For most of the last century, public infrastructure delivery operated on a foundation of professional trust. Engineers signed certificates. Inspectors verified work. Quantity Surveyors consolidated. The system worked through the integrity of the people in it — and it worked well enough for most of its history.
What has changed is the scale of infrastructure investment, the public's expectation of accountability, and the regulatory environment around ESG disclosure. A road that fails 18 months after handover is no longer a contractor problem — it is a public trust failure, a Jal Jeevan obligation breach, an ESG reporting risk.
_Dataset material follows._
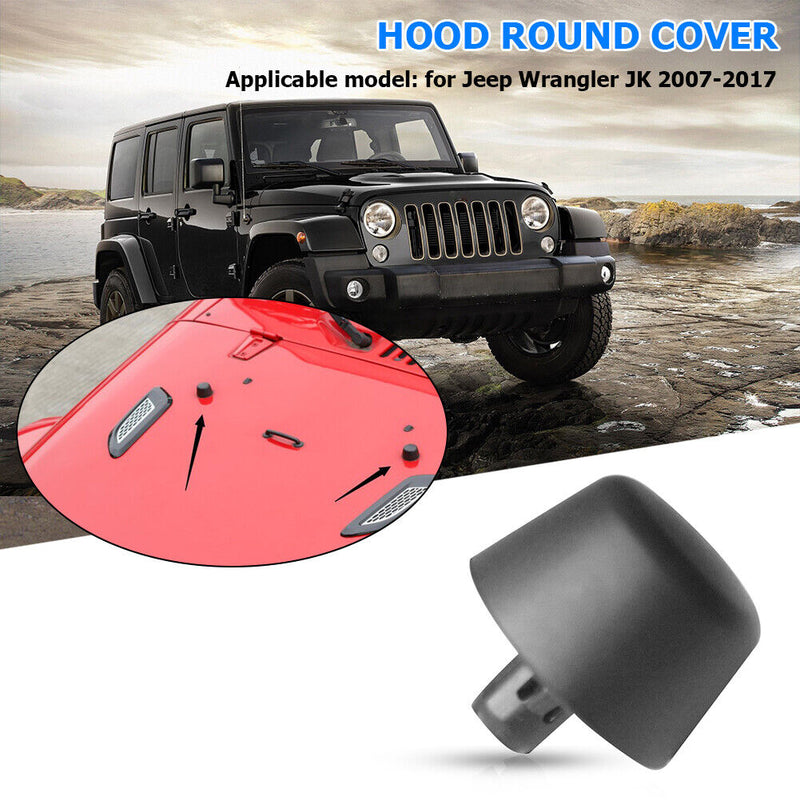 Hood Bump Stop Bonnet Bumper Cushion Black for Jeep Wrangler JK 2007-2017 Newly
The system that worked on professional trust now needs to work on verifiable evidence.
AI changes the cost of verification.
For decades, evidence-based monitoring was theoretically desirable but practically impossible. Manual inspection at the scale of a national road programme would cost more than the programme itself. AI changes this calculation completely. Vision AI on existing CCTV. IoT telematics on existing GPS devices. Knowledge graphs that link every verified event to the BOQ line it satisfies. The marginal cost of verification per event has dropped to near zero.
What was theoretically desirable is now operationally affordable. The question shifts from 'can we verify?' to 'why aren't we verifying?'
Verifiable becomes the default.
The infrastructure programmes of the next decade will be evaluated not just on what they delivered, but on what they can prove they delivered. The maintenance baseline, the audit trail, the ESG reporting — all flow from continuous verification capabilities that no manual regime could provide. The systems being built today that include this verification capability natively will be the systems that get rebuilt the least, justify the most investment, and deliver the strongest public trust outcomes.